** Opening Information block **

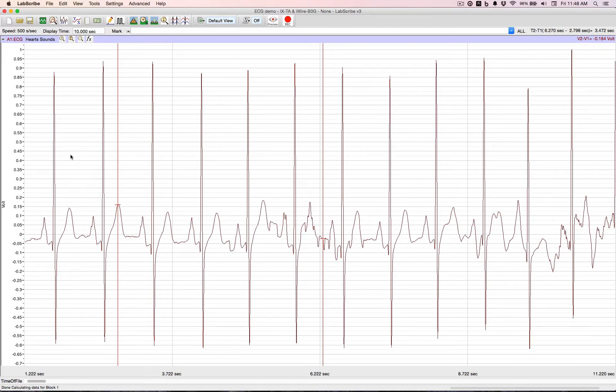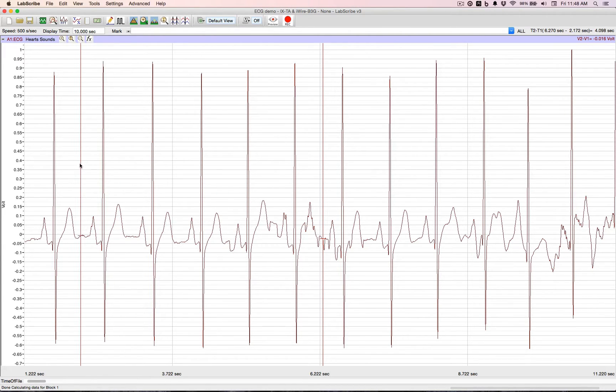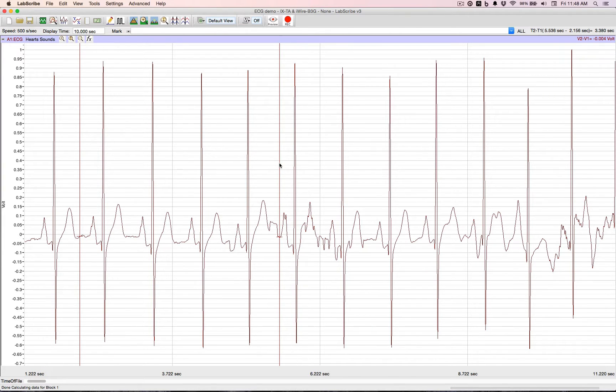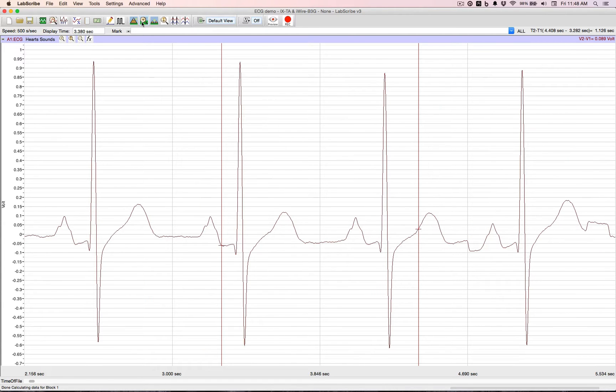Let's home in on about 4 beats using the double cursors, we'll zoom between them, and then we'll go over to the analysis window.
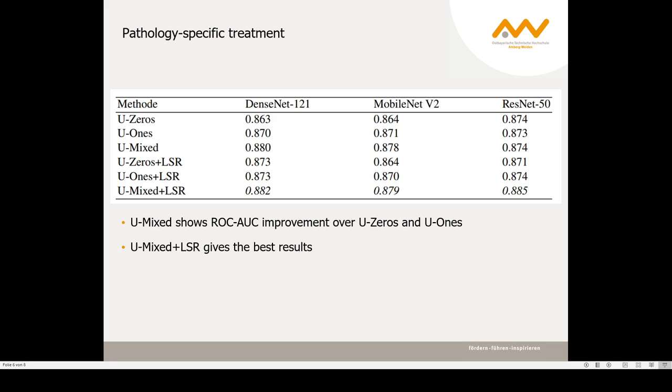The results show, in this comparison for three different CNN architectures, that UMix shows ROC AUC improvement over U0 and U1 approaches, and UMix plus LSR gives the best results.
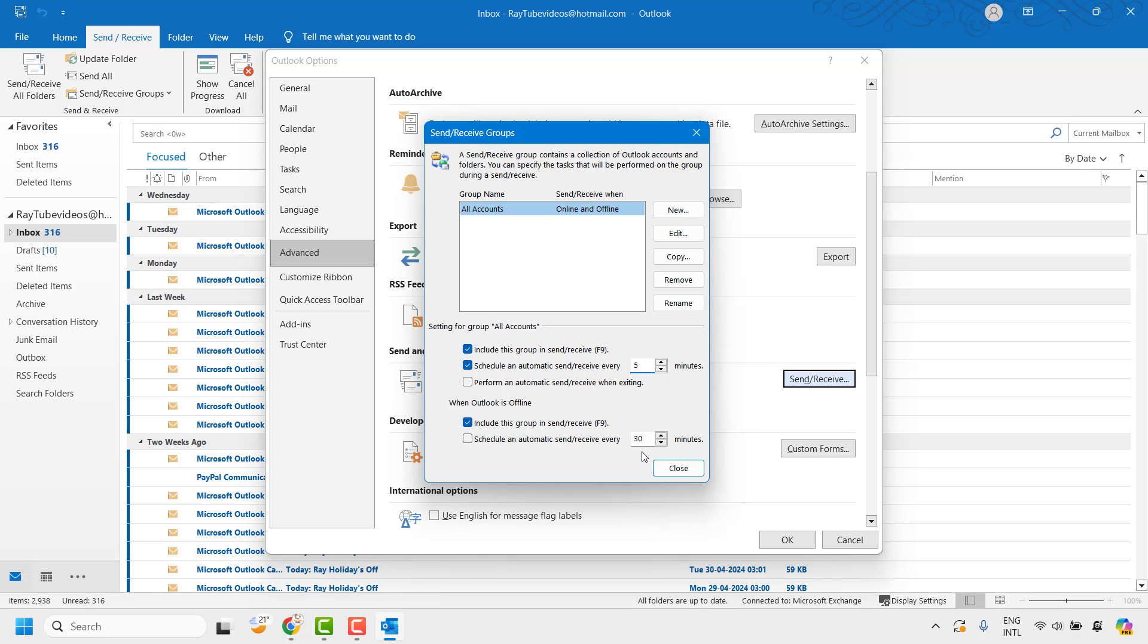The same thing can be applied for when Outlook is offline. You can also set it for 5 minutes. In this way, your Outlook will try to connect to your email account server every 5 minutes, or whatever time interval you are entering here.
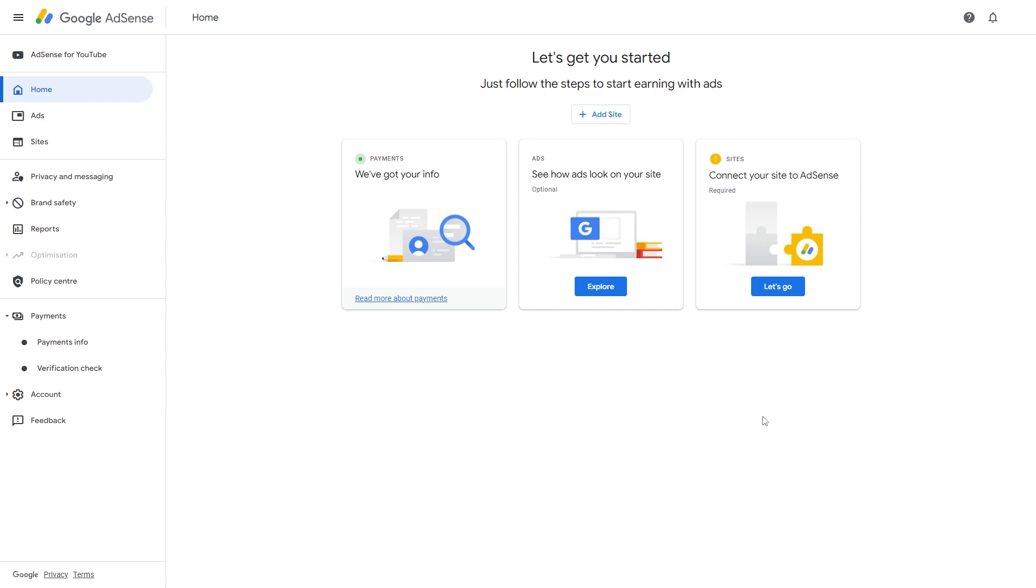Now the first thing you need to do is just open up Google AdSense and log into your account. So once you have Google AdSense open, what you actually have to do is go to the left hand side and we have to go down to where it says payments.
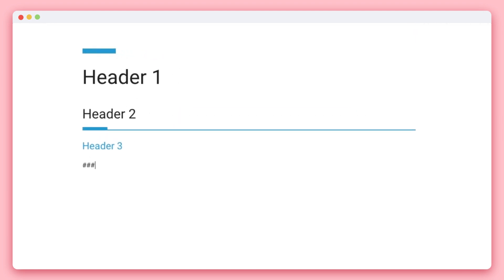Four hashtags plus space creates header 4, five hashtags plus space creates header 5, six hashtags plus space creates header 6.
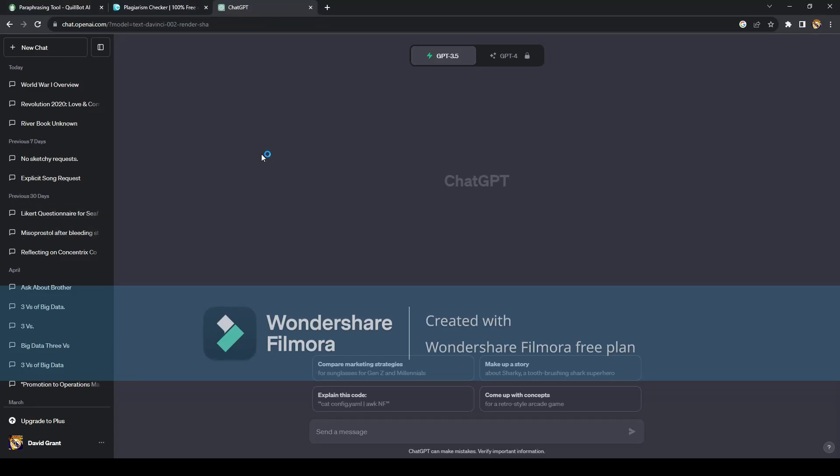Hey everyone, welcome back to the channel. Today I'm going to be showing you how to use ChatGPT for your schoolworks without getting caught or plagiarized.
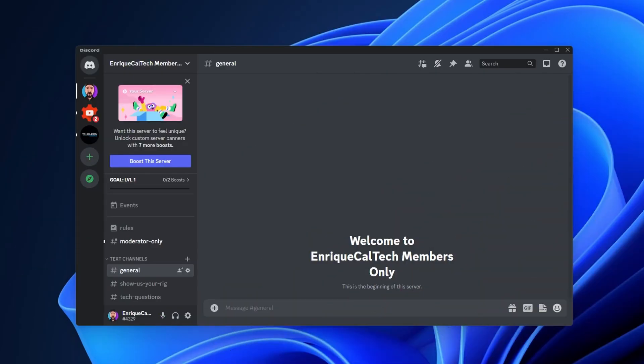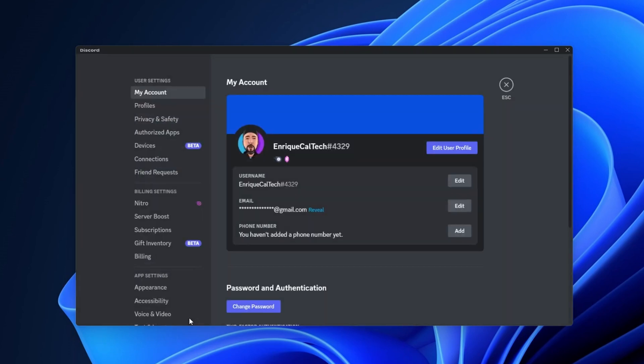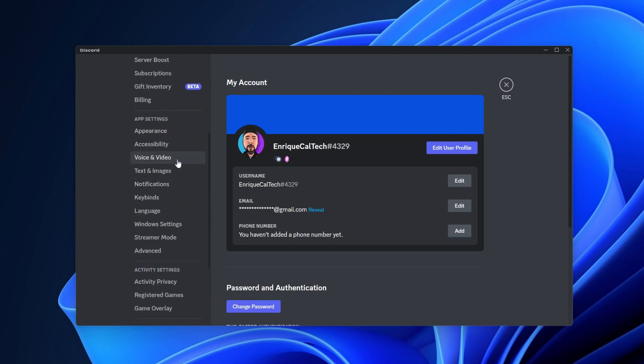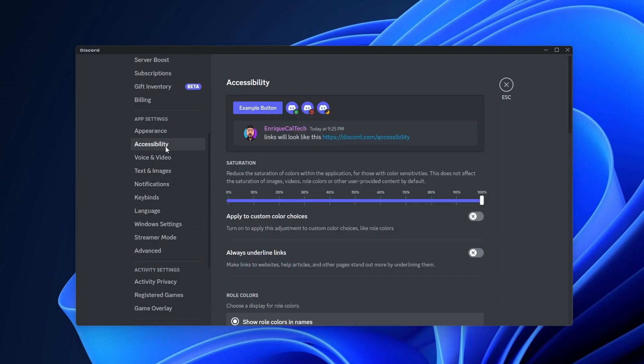One of the first things to try is, inside Discord itself, click the user settings button, and on the left side scroll down until you find the accessibility tab.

** Closing Information block **

From the line with "Four hashtags plus" down to the last line of the entries above, set down every line exactly, apart from the pictures.

> Solution to the exercise:
Four hashtags plus space creates header 4, five hashtags plus space creates header 5, six hashtags plus space creates header 6.
Hey everyone, welcome back to the channel. Today I'm going to be showing you how to use ChatGPT for your schoolworks without getting caught or plagiarized.
One of the first things to try is, inside Discord itself, click the user settings button, and on the left side scroll down until you find the accessibility tab.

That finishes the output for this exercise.